Praise

"Pletcher and Bartolameolli are undisputed experts on the subject of co-sex addiction.  They know more about it than anyone I know and have presented  an expose that with great clarity supersedes anything I have read before."

– John Bradshaw

Thursday, August 26, 2010

Service and Surrender

To live a life of service is my intention and desire. In 12 step recovery, service and giving back what has been given us is a value and tenet that we speak of and hopefully, live. It can be challenging to be of service to others when we are living our own addictive behaviors and ego challenges. Our wounds show up in our interactions with others and can be time and energy consuming to deal with on our own.

It is why this is a Spiritual Program and calls us to reach out to a Power greater than ourselves. We define this Higher Power/Spiritual Source in any way that we choose. It is a personal relationship and may or may not include elements of our upbringing or resemble any societal religious tenets.

Here are some steps to keep us on track in our desire to serve and live a spiritual life. It is shared within the belief that what serves other's highest good, serves our own and what serves our highest good, serves others.

1. First-remind yourself daily of your intention and desire to be of service to others and to live a spiritual life. This repeated intention will become a habit in your thinking and in your behaving.

2. Notice when you are consumed and occupied with your own obsessive thoughts, resentments, fears, jealousy and ego wounds. Noticing and embracing this internal dynamic is important. Be kind and gentle with yourself at the moment of this consciousness.

3. Breathe into this knowing and acknowledge your want and need for a Higher Power. Ask your higher power to assist with the pain you are feeling and surrender the thoughts, behaviors and internal dynamic to this power greater than yourself. Accept your own powerlessness over this internal dynamic. Keep breathing.

4. Once your awareness and powerlessness over this dynamic is acknowledged, you are ready to receive the serenity and power that comes from letting go. In letting go and releasing this painful dynamic, you are able to receive the energy of your Higher Power and the peace that comes from releasing the difficulty.

5. Now allow yourself to be fully present in the moment. Ask your Higher Power how you can be of service and go about the business of caring well for yourself and enjoying your day.

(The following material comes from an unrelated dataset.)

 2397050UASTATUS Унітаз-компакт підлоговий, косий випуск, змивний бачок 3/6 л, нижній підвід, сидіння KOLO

I know that these simple steps may not seem so simple or easily accessible in the midst of the internal emotional distress we sometimes carry inside. When we slow down and become present to the internal distress inside, we can begin to intervene on this dynamic and use tools to redirect our energy.

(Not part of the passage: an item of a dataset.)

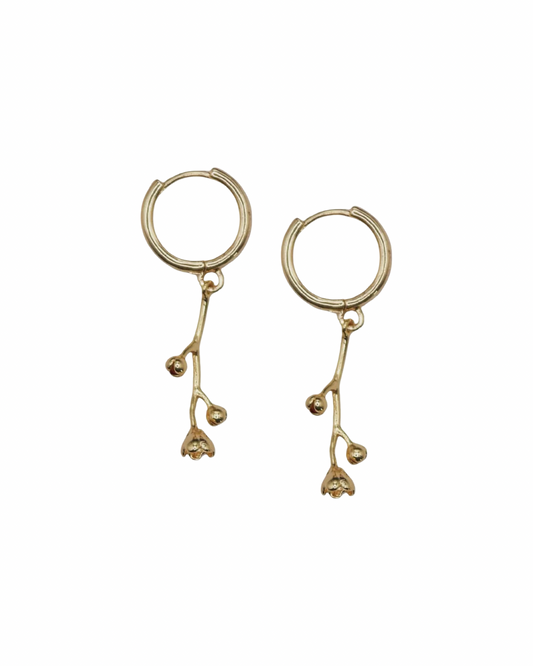 Flower Stem Charm Huggie Hoops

These steps serve as a simple reminder that we do have some tools to assist us in moving through our own challenges. These tools will remind us what we are really committed to and what are values are for living a spiritual life of service and surrender.

Blessings,

Sally


Monday, August 9, 2010

Making Amends

Making amends, as we learn in our 12 step recovery, is both freeing and challenging. Discernment is called for. Early in my recovery and emotional maturity, I took responsibility for other's behavior, as co-dependents often do, and could not distinguish between what was really my part and what was not. It took time to continually mature in perspective and be able to see myself and my character defects honestly.

Early on, we often feel so much shame when we see our own behavior and make mistakes and we are not able to distinguish between feeling defective as a human being and simple having defects. This carried shame is above and beyond what is really appropriate as we are unable to distinguish between the "shame" we have been carrying for other people's behavior and our own appropriate guilt and healthy shame when we contradict our own values. Healing this shame and the messages that we are inherently defective and bad takes time.

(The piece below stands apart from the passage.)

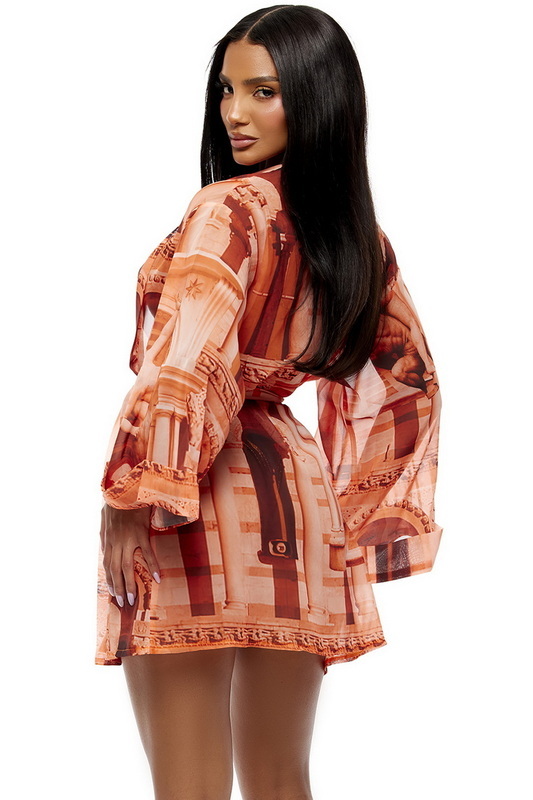 Orange Poolside Cabana Coverup Kimono image 6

Another pitfall in making amends may be thinking we are responsible for someone else's behavior when we are not. In addition, making "amends" can also be an attempt for us to try and "fix" a relationship or alter uncomfortable feelings. We might just plow through an issue or difficulty with someone because we haven't developed the maturity to allow ourselves to simple be with the discomfort and seek assistance to determine what is actually our part and what is not. Conflict can be uncomfortable and we may have used making amends as a way to eliminate the discomfort we feel. Sometimes just apologizing and doing what we can to repair a connection with someone seems the easiest and quickest way to handle the upset.

Over time, we learn a more mature approach to making amends, to others and ourselves. We seek prayer and meditation as a means of teaching us discernment and self-care. We learn to distinguish between what is our part in any given relationship and what is not, allowing others the dignity of their own responsibility as well. In making amends, we realize what a great gift it is to ourselves as we are able to restore our own integrity by owning our behavior and doing our part to ask forgiveness when appropriate. Whether someone is able to receive our amends or take responsibility for their part or not is their business, not ours.

Authentic amends requires a spiritual perspective and emotional maturity. We learn this in time.